Exercise directions »
Output exactly the lines below from the one containing "D-MZEC, 2006 Roland" to the last line, both included. Omit pictures.

Task material »
- - - - - - -

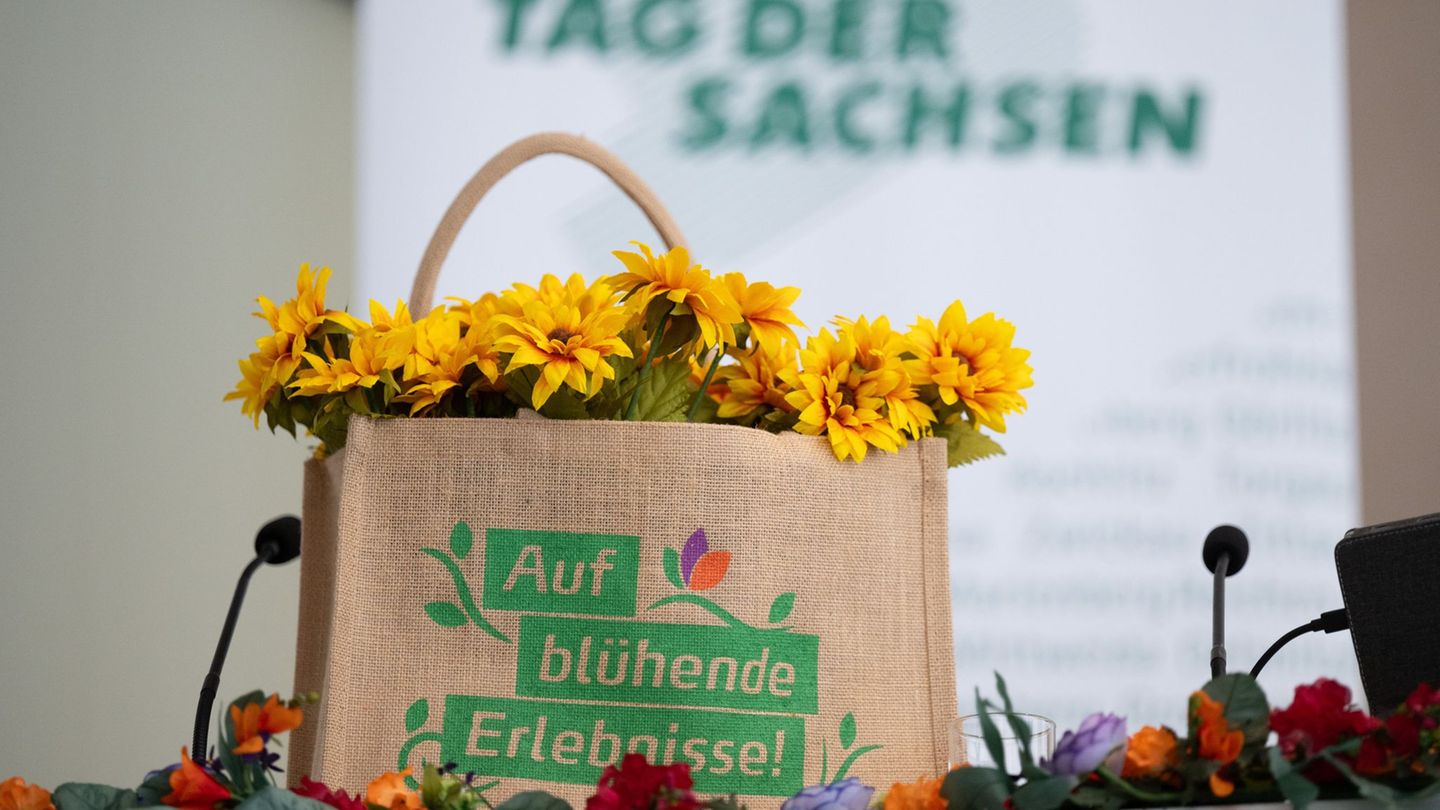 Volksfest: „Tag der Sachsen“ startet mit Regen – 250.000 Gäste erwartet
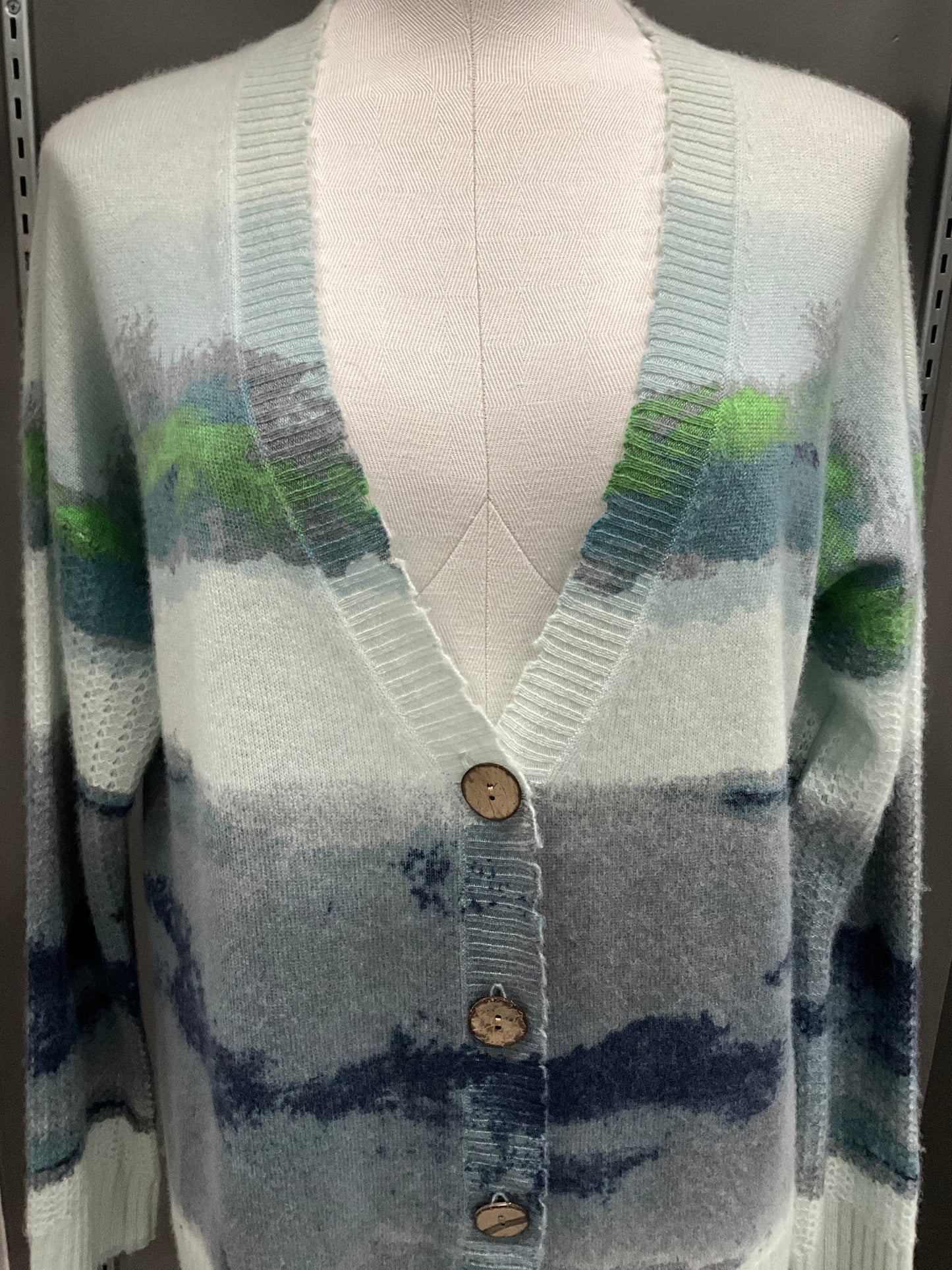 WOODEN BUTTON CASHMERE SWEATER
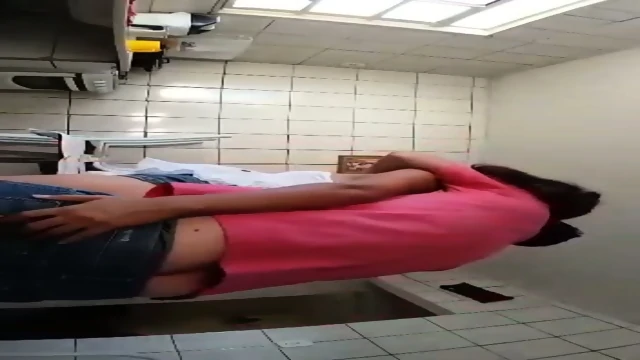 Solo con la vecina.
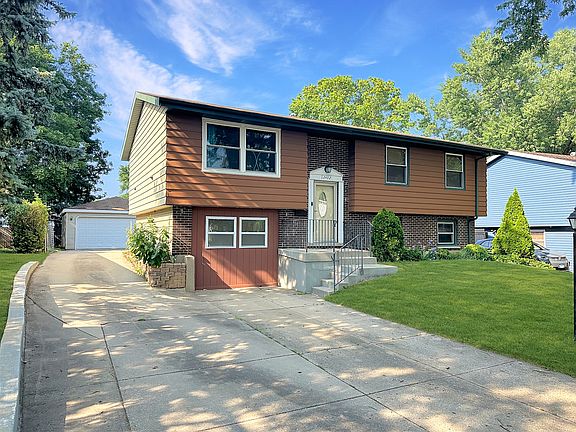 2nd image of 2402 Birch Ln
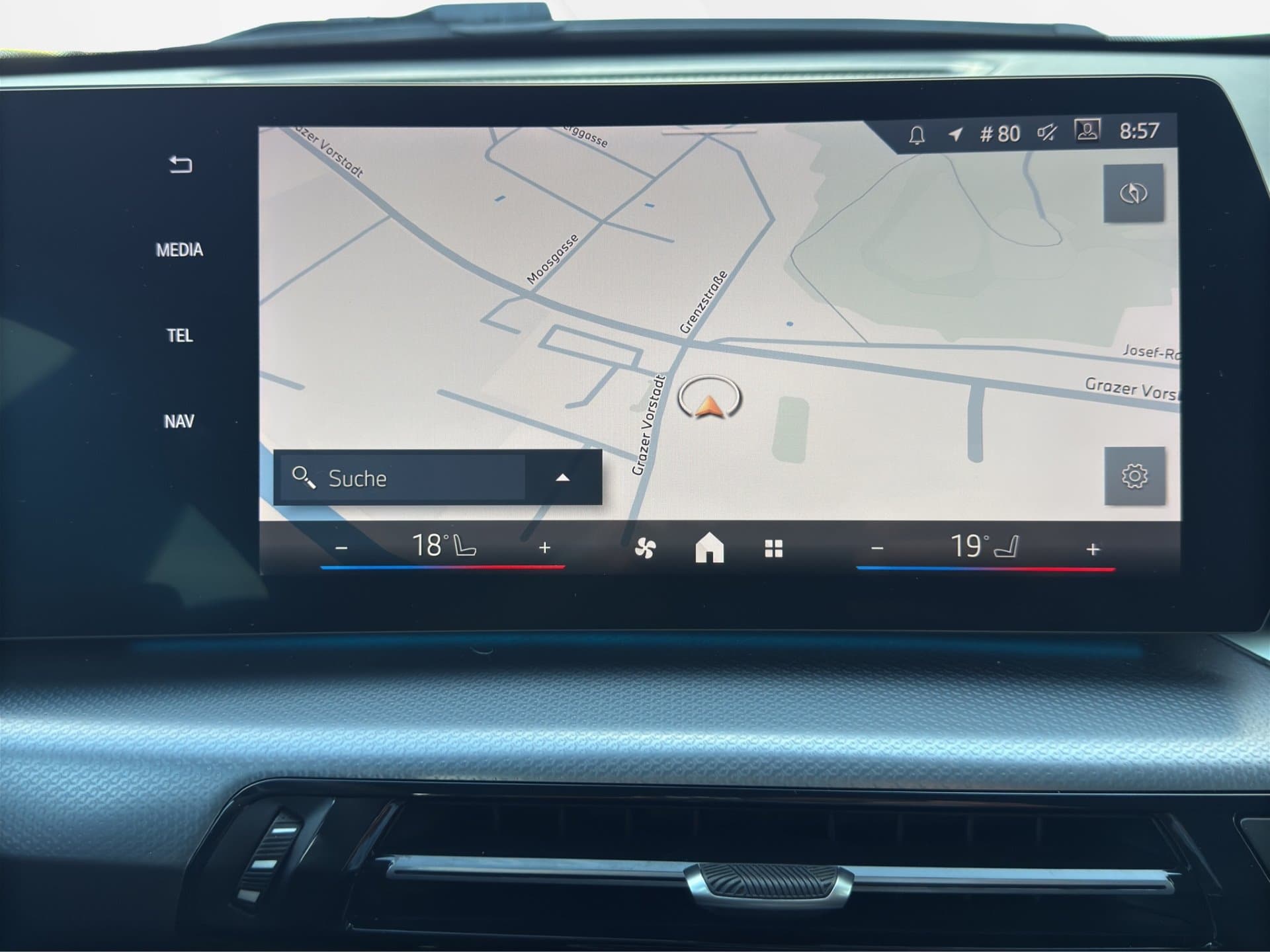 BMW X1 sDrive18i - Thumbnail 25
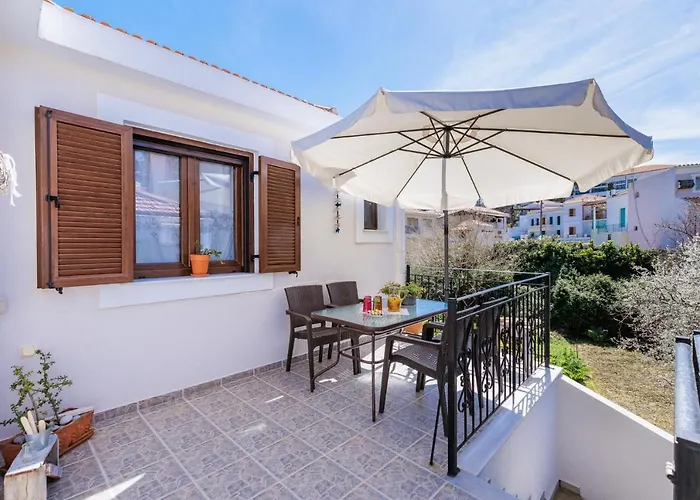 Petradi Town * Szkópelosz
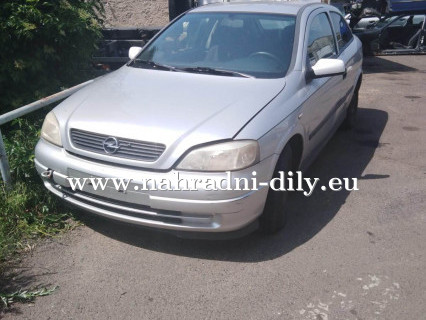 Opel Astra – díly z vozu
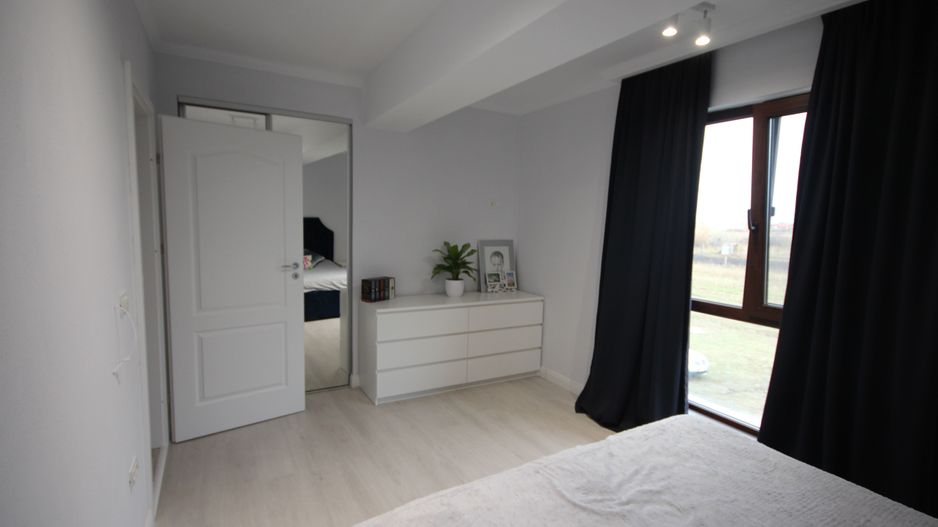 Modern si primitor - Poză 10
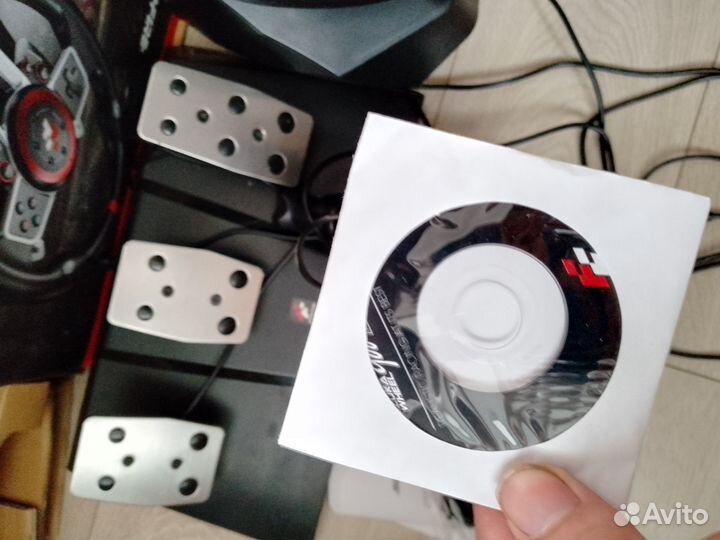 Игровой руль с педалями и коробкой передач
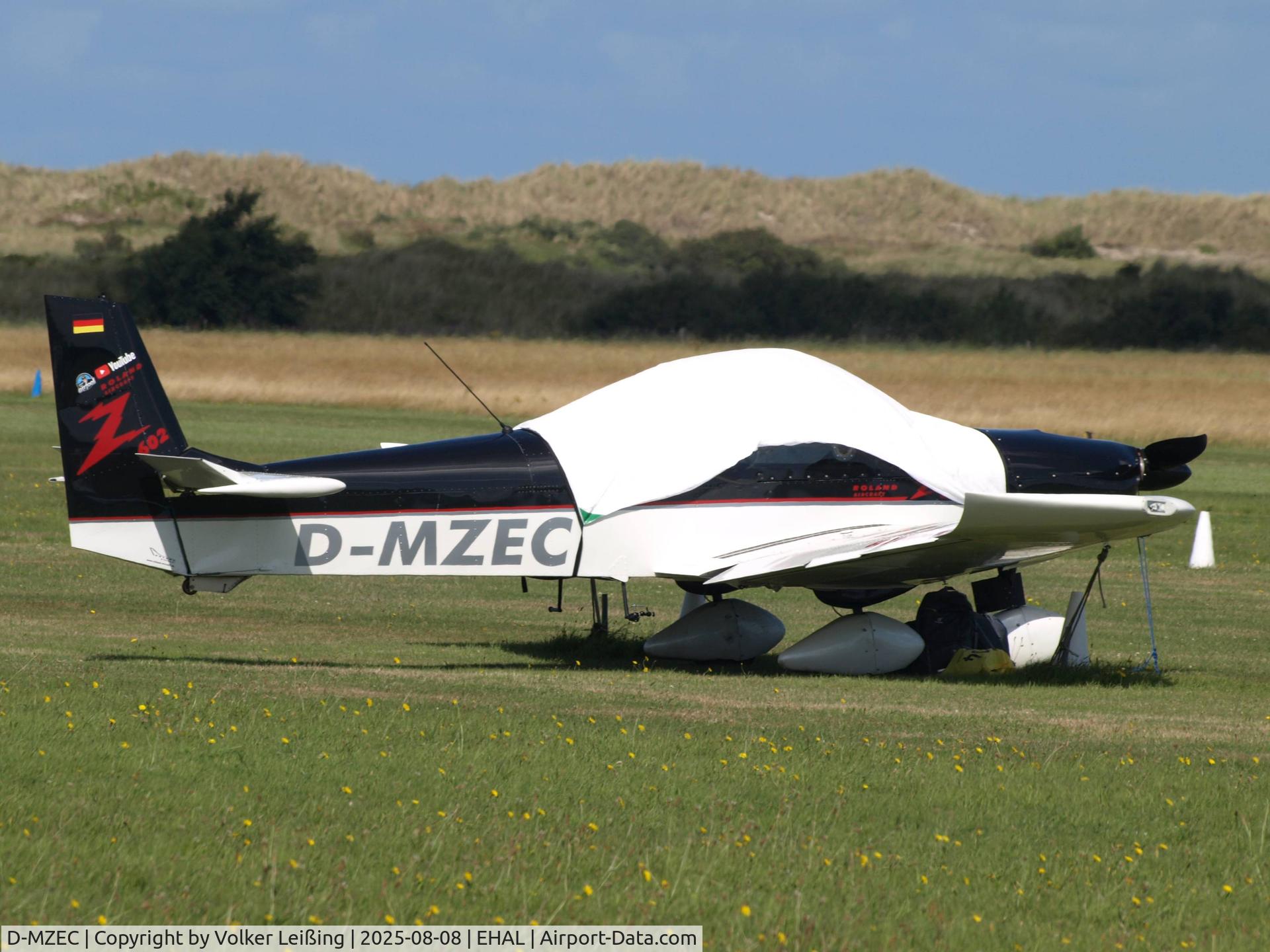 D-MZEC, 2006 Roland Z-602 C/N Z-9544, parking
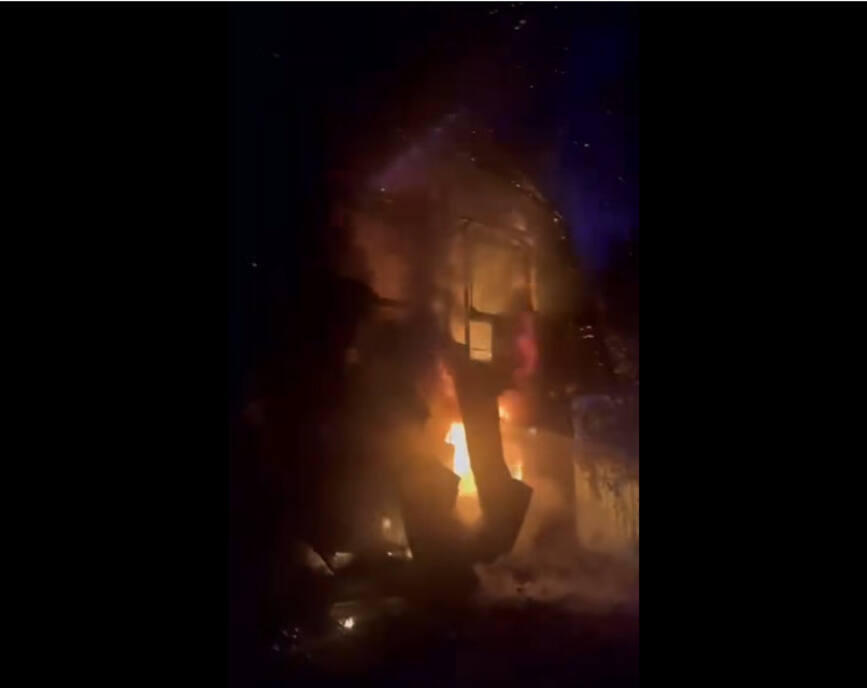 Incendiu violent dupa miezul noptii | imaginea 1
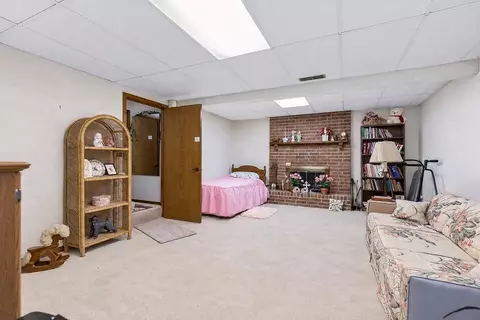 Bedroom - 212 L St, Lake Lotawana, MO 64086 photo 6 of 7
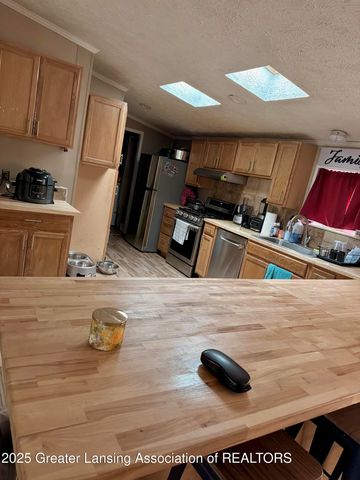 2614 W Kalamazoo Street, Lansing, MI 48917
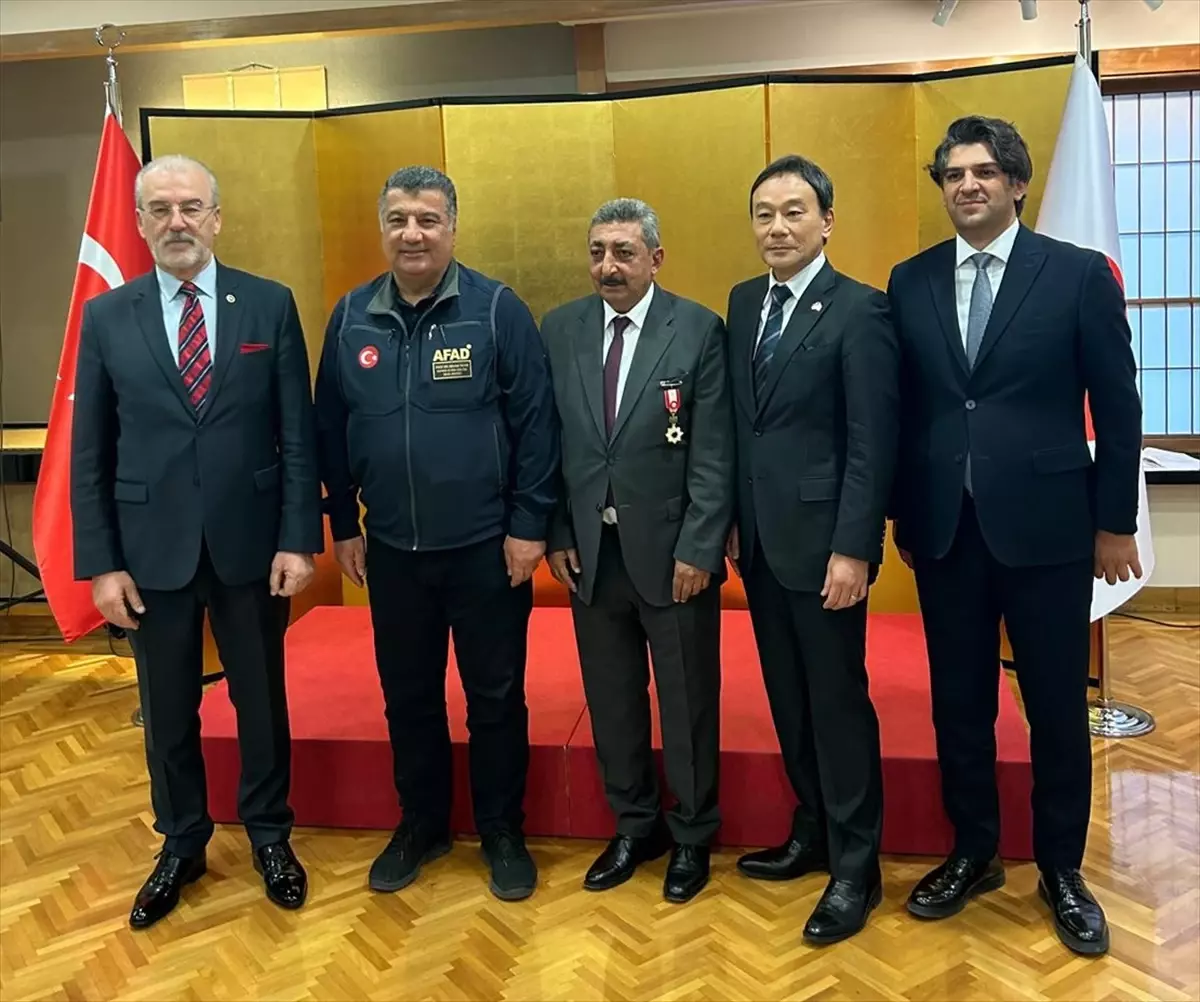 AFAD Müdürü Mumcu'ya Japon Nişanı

- - - - - - -

Reply »
 D-MZEC, 2006 Roland Z-602 C/N Z-9544, parking
 Incendiu violent dupa miezul noptii | imaginea 1
 Bedroom - 212 L St, Lake Lotawana, MO 64086 photo 6 of 7
 2614 W Kalamazoo Street, Lansing, MI 48917
 AFAD Müdürü Mumcu'ya Japon Nişanı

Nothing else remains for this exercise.